A major Vancouver suburb with a reputation for ignoring the plight of renters displaced by high-priced condos is proposing a radical approach that would put the city ahead of all others in B.C. when it comes to strong rental protections.

Burnaby’s proposed policy would use a provision by the province to permanently classify about 375 existing apartments as rental only. That will mean they can’t be redeveloped as strata condos, according to a council report provided to The Globe and Mail in advance.

As well, developers who tear down existing rentals to build new ones would be required to rehouse tenants in the new buildings at their previous rates. The policy also says that about 20 per cent of units in new projects will be dedicated to rentals. The staff proposal says this can be funded by providing builders with an increase in density above the current limits set for condos. And developers of commercial property would be allowed to use half of their allotted building space for residential rental.

The move – which dramatically changes the financial equation for developers working in Burnaby – comes as many city councils are trying to figure out ways to protect and develop low-cost housing in the midst of an unprecedented crisis of low vacancy, soaring rents and stratospheric house prices.

“There’s still a lot more that has to be done but, now, everyone’s going to know the rules of the game,” Mayor Mike Hurley said. “[Developers are] out to make the biggest profit they can. This might eat into their profit a bit but life changes."

The big shift comes less than a year after Burnaby’s long-time previous mayor, Derek Corrigan, was ousted because of increasing public opposition to his policies that saw hundreds of affordable apartments lost to redevelopment around Metrotown.

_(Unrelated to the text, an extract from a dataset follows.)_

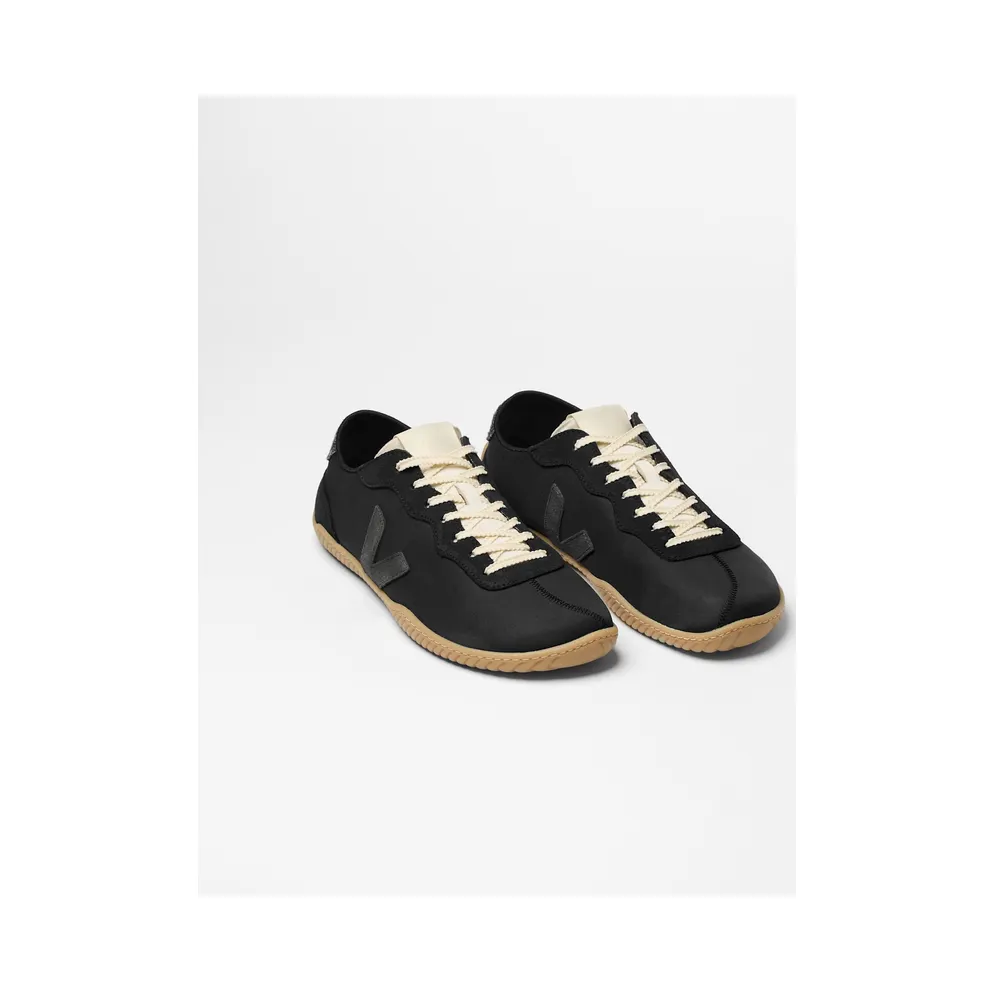 Veja Campo Black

Burnaby was routinely criticized by housing activists and B.C. Liberal politicians for that, as well as its refusal to allow permanent shelters for homeless people and its weak support for social-housing projects. Mr. Corrigan continued with those policies until just months before the election, while cities such as Vancouver and New Westminster, as well as the provincial government, were scrambling to find ways to tackle the region’s red-hot housing problems.

Mr. Corrigan went down to defeat in October to newcomer Mr. Hurley, a former firefighter who promised to tackle housing problems differently.

The new rental policy, if approved by council Monday, is meant to help the city catch up on the at least 700 affordable apartments that were lost to demolition since 2010, as well as add to supply with a steady stream including permanent new units.

“We want to ensure this is the same as the rental buildings of the 1950s, 60s and 70s,” said Johannes Schumann, the assistant director of current planning in Burnaby. “We’re building a new rental stock.”

He said planners worked to ensure that there was a comprehensive new policy, one that took full advantage of the new possibility in the rental-only zoning that the provincial government made legal for cities last year.

“Some other proposals [from other cities] are myopic, they only solve one thing. A lot of policies sound good but sit on the shelf. This is comprehensive and broad reaching,” Mr. Schumann said.

The proposed new rental plan goes further than Vancouver’s current rental-protection and rental-incentive policies, particularly in the way that it would permanently safeguard units designated for lower-than-market rents. As well, it puts limits on the amount of density a developer gets in return for rental, which Vancouver policy doesn’t.

A developer who builds a new rental apartment will need to find a place for tenants to live during construction and, if a tenant was renting for $800 before, rent the same type of unit to that tenant for $800 again, plus the provincial rent increase that would normally have been added during the construction years. That unit will continue to be rented at that rate, plus allowable increases, even if the once-displaced tenant moves on.